_Try it:_ Go through the entries below and copy each line containing the word "wooden".

_Data shown:_
——
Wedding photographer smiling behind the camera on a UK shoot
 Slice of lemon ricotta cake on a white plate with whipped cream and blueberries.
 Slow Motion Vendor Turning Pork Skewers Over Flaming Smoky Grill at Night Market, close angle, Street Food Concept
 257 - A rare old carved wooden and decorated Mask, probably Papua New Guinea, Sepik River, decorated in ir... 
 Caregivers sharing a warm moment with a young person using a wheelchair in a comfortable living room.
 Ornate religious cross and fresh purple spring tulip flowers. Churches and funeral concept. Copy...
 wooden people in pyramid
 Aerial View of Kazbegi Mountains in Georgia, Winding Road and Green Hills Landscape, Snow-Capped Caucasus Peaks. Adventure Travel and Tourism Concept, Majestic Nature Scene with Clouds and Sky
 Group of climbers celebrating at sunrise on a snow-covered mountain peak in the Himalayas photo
——
_Your solution:_
 257 - A rare old carved wooden and decorated Mask, probably Papua New Guinea, Sepik River, decorated in ir... 
 wooden people in pyramid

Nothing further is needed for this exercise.